🤖 AI Summary
Existing robotic action embedding spaces often lack structure, interpretability, and cross-embodiment transferability, remaining largely confined to specific tasks and platforms. This work proposes a phase-anchored disentangled representation framework that models motion periodicity through an FFT-parameterized phase manifold, complemented by an aperiodic pose branch and motion semantic distillation to construct a unified action embedding space. For the first time, this approach enables a human-motion-pretrained, general-purpose representation applicable across diverse humanoid robots. The resulting embeddings preserve intrinsic interpretability while significantly improving cross-platform action retrieval performance and consistently enhancing a range of downstream tasks.
📝 Abstract
Learning a good action embedding space is fundamental to scalable robot policy learning, yet existing methods treat action latents as task-specific intermediates rather than first-class representations.
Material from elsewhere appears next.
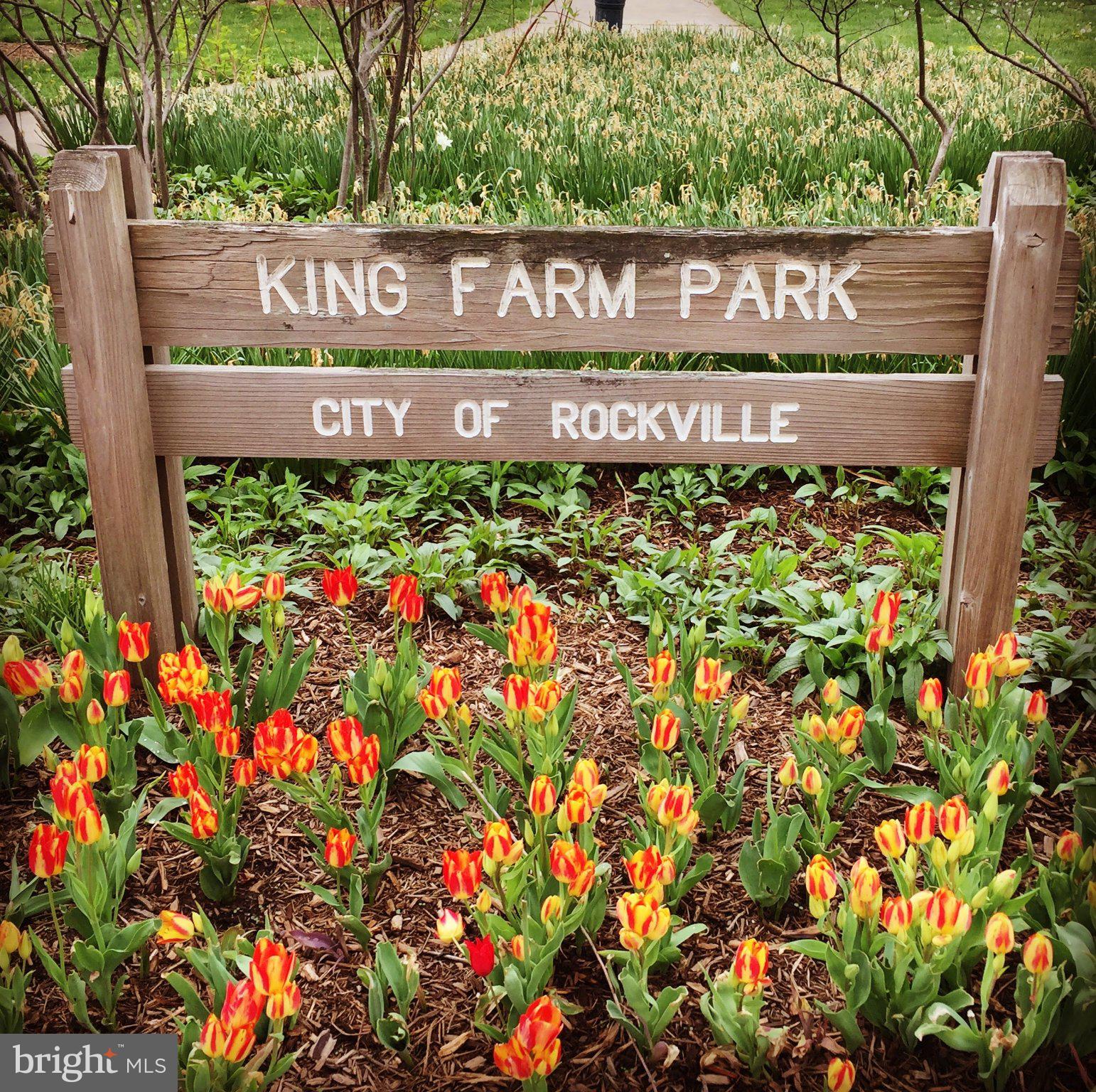 KING FARM BAILEYS COMMON - Residential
The resulting latents are unstructured, embodiment-specific, and weakly tied to motion semantics, limiting interpretability, controllability, and transferability across robots. We position the action embedding space itself as a first-class design target, with downstream policy quality emerging from representation quality. Exploiting motion's intrinsic periodicity, we factorize it into a phase manifold that captures cyclic structure via FFT-parametric coefficients, together with a pose branch that conditions the manifold on non-periodic configuration detail. Combined with motion-semantic distillation, this factorized structure yields a cross-embodiment motion manifold that is interpretable and embodiment-agnostic by design. Anchoring multiple humanoid robots to a shared human-pretrained manifold then produces a unified action embedding space across diverse platforms, achieving strong cross-embodiment retrieval and consistent gains on downstream robot tasks.